In my class implementation of Prosocial, step 4 consisted of a review of the syllabus to see if any changes needed to be made in light of what we had learned about the CDPs. Then my students took the same online survey that had been given only a few class sessions earlier. The results were impressive. The Matrix exercise and introduction to the CDPs resulted in statistically significant gains in positive emotions toward the class, the perceived efficacy of the class, the degree to which the identity of the students had become fused with the class, their sense of psychological safety, and their sense of trust. These results might seem too good to be true, but not if you are familiar with the literature on ACT, which includes many well-documented examples of short trainings that produce big and long-lasting results [go here for more]. A little knowledge about managing cultural evolutionary processes can go a long way!

After the elements of Prosocial had been introduced to the students in the context of our own group, it was easy to bring them up again in the context of the course material. The main theme of my course is that nearly every important topic associated with sustainability involves both natural systems and human systems, which are each complex on their own and even more so when coupled with each other. Wouldn’t it be great if there was a single set of conceptual tools that could be applied to both? That is precisely what evolutionary theory (in combination with complexity theory) offers.  The CDPs are relevant to the dynamics of cooperation in natural and human systems alike. The principles of ACT are needed whenever adopting a new policy requires behavioral and organizational change, which is all the time. These matters came up– and were frequently initiated by the students–during nearly every class period.

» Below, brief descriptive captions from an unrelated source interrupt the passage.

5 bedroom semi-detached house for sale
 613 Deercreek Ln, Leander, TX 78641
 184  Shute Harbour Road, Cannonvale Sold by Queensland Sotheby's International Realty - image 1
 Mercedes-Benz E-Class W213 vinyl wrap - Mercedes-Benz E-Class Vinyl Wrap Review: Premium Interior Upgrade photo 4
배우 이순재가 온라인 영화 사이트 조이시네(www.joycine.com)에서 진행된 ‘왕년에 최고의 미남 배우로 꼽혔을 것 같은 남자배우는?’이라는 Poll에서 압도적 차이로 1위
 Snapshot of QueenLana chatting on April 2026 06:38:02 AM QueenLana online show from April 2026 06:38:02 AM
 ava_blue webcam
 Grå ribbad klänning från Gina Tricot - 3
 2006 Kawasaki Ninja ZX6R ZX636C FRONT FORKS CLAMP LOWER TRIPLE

The elements of Prosocial proved handy once again when the class split into smaller groups to study topics of their own choice (an example of CDP3, concerning decision-making). The first order of business for each group was to discuss how they would implement the CDPs to insure a cooperative social environment. By now this was second nature to them. I made myself available to help out with graduated sanctions (CDP5) and conflict resolution (CDP6), but my services weren’t needed. All of the project groups ran on an even keel.

Pamela also experimented with implementing Prosocial in her graduate class on Foundations in Secondary Education and an undergraduate class in Social Issues in Education, to good effect. Even though it took me a while to make the connection, I now think that classrooms provide a fantastic opportunity to implement Prosocial. Unlike some groups, which find it difficult to carve out meeting times and complete surveys between meetings, students in a course are already meeting on a regular basis and expect to be assigned homework. The facilitation requires very little time and in many cases will be highly relevant to the subject of the course, as it was to mine. If a sufficient number of instructors become interested and coordinate their implementations, then rigorous assessments are possible. If you are instructor of a college or high school course and wish to join such a coordinated effort, please contact Paul Atkins at paul@prosocialpsychology.com to provide contact information. Once we have a group of people who want to take part, we will contact you to plan how best to make it happen together.

References
[i]
Wilson, D. S., Ostrom, E., & Cox, M. E. (2013). Generalizing the core design principles for the efficacy of groups. Journal of Economic Behavior & Organization, 90, S21–S32.

[ii] Wilson, D. S., & Hayes, S. C. (2018). Evolution and Contextual Behavioral Science: An Integrated Framework for Understanding, Predicting, and Influencing Behavior. Menlo Park, CA: New Harbinger Press.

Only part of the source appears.